Eva Raisig zeichnet in »Ein Arm geht verloren, noch einer« ein lakonisches Familiendrama aus der Perspektive der jüngeren zweier Schwestern.
Die Wunde suppt und riecht übel. Zwischen den Dämpfen der Vater. Er brüllt nun schon eine Weile nicht mehr.
Die Wunde. Sie dient dem Text als übergreifendes Motiv für Schuld. Die Beschreibungen des Eiters, des Gestanks, des Ekels haben fast schon sinnliche Qualität. Ob Kafkas »Der Landarzt« einen Teil zu dieser Bildsprache beigetragen hat?
Langsam, in vielen verwobenen Zeitebenen wird die tragische Geschichte einer zunächst vierköpfigen Familie aufgebaut. Der Vater hat sich die Überreste seines Armes abgeschossen, um sich von seinem SS-Blutgruppen-Tattoo zu befreien. Er wird an der entzündeten Wunde sterben.
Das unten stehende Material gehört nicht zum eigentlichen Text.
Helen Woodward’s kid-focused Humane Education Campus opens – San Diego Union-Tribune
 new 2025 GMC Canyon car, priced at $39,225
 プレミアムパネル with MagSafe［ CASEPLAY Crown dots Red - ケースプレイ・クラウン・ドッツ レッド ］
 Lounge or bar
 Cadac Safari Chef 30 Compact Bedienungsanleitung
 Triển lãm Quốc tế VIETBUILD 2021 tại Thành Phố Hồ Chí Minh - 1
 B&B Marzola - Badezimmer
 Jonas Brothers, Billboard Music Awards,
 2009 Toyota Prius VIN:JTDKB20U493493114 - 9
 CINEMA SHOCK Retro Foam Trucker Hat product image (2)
Die Zeitebenen verschwimmen. Eine Kindheitserinnerung an ein treibendes Stück Holz beim Spaziergang mit dem Vater bereitet auf den nächsten Schicksalsschlag vor: Die ältere Tochter stürzt sich in den Main. Gefunden wird nur ein Arm mit einem Ring am Finger zur Identifizierung. Die Szene, in der anhand einer Fotografie die Unabänderlichkeit des Todes verhandelt wird, ist verhältnismäßig lang, der Schmerz der Familie umso tiefer.
Der abgetrennte Arm als Metapher für Schuld, die sich nicht abtrennen lässt. Trotz der teilweise sehr vielen Zeitebenen schafft es Eva Raisig, dem Thema des vererbten Traumas ein sehr bildstarkes und dichtes Narrativ zu geben. Auch wenn dem Bild des abgeschossenen Armes eine solche Dramatik innewohnt, dass die erzählerische Logik fast zu kippen droht. Bemerkenswert, wie der vielschichtige und düstere Text in kurzer Zeit das Schweigen eines Traumas mit einer Intensität lebendig macht, die lange in der Halle des Heimathafens nachklingt.